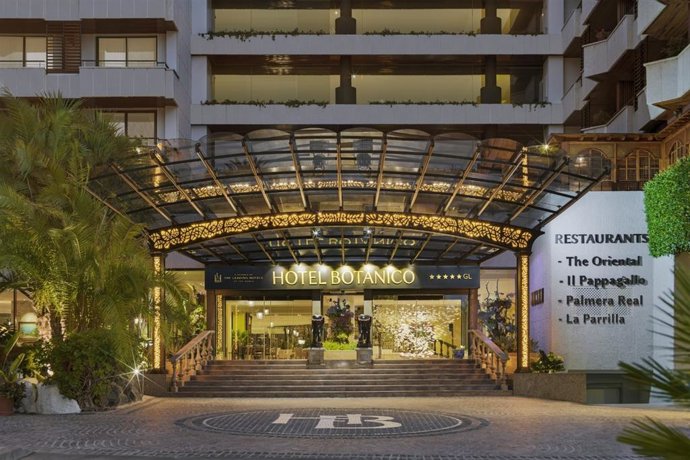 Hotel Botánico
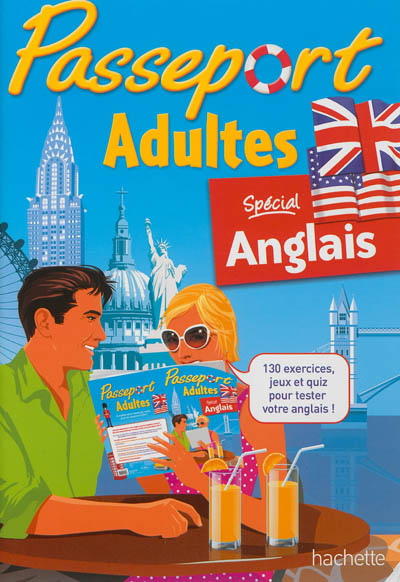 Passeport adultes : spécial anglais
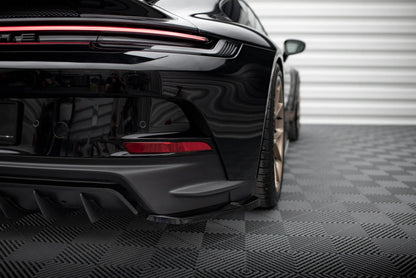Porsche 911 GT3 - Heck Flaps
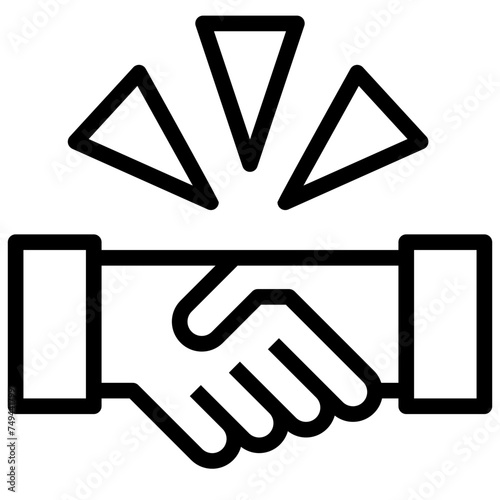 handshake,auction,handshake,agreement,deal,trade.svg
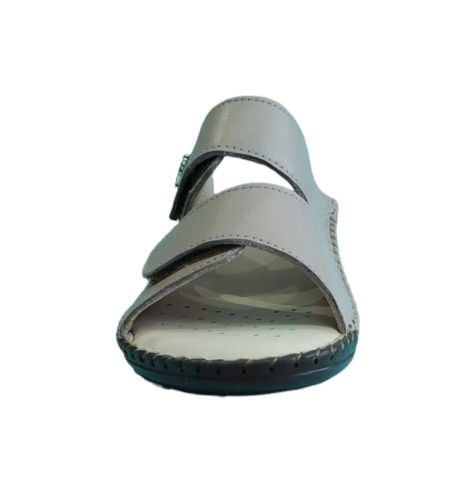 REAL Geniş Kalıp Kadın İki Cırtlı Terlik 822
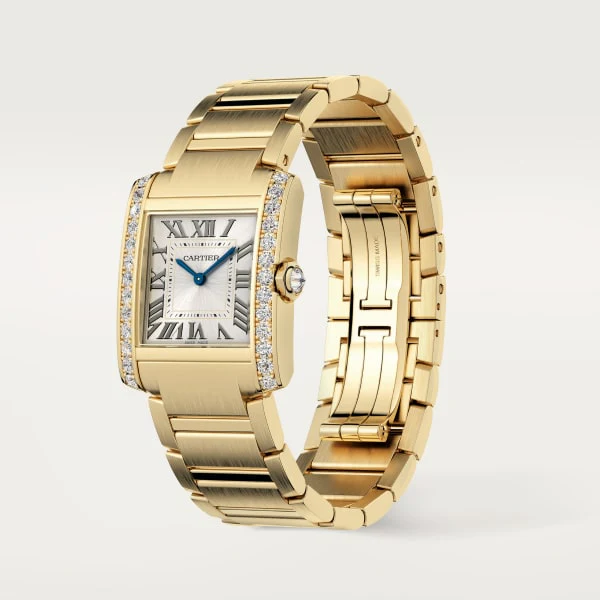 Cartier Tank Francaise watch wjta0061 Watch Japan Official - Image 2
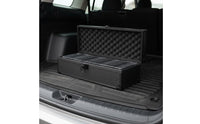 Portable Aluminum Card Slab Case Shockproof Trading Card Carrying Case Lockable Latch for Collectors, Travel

● ● ● ●

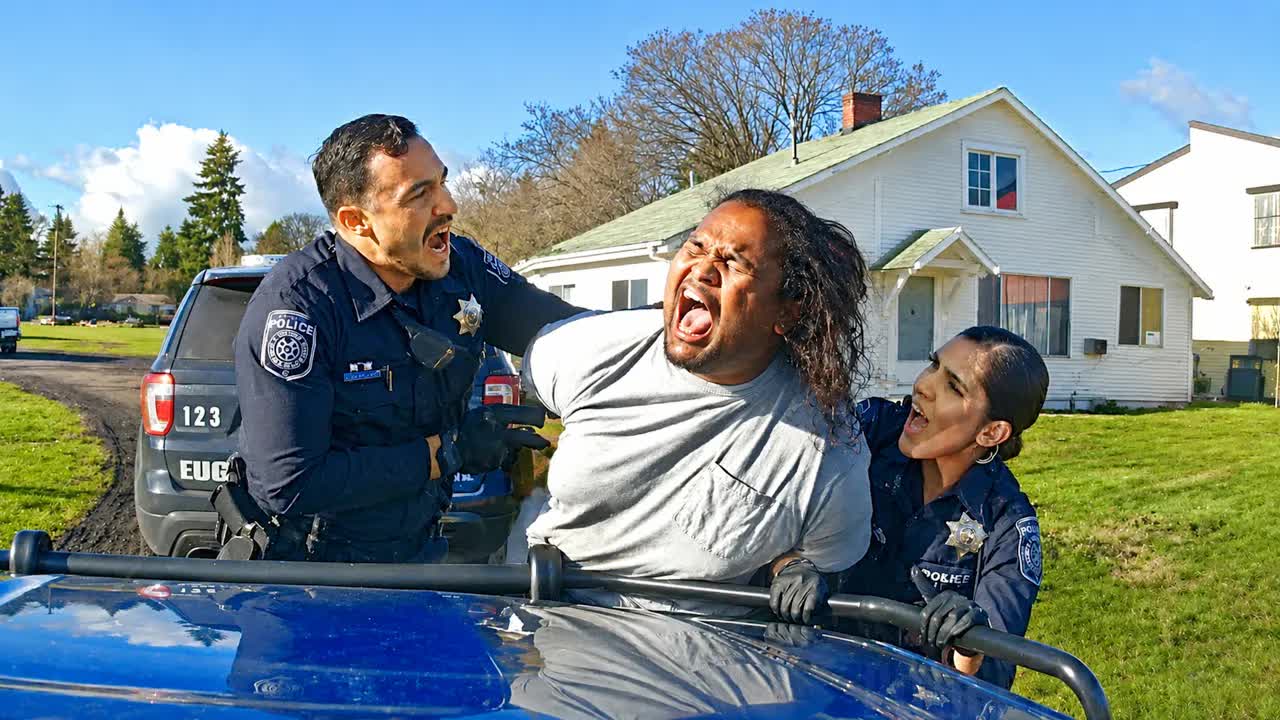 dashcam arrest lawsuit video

● ● ● ●

◆ **HOW TO COMPLETE THIS TASK**:
Exact copy, pictures excluded: from the line with "Porsche 911 GT3 - Heck Flaps" up to and including the line with "Portable Aluminum Card" in the data above.

◆ **YOUR SOLUTION**:
Porsche 911 GT3 - Heck Flaps
 handshake,auction,handshake,agreement,deal,trade.svg
 REAL Geniş Kalıp Kadın İki Cırtlı Terlik 822
 Cartier Tank Francaise watch wjta0061 Watch Japan Official - Image 2
 Portable Aluminum Card Slab Case Shockproof Trading Card Carrying Case Lockable Latch for Collectors, Travel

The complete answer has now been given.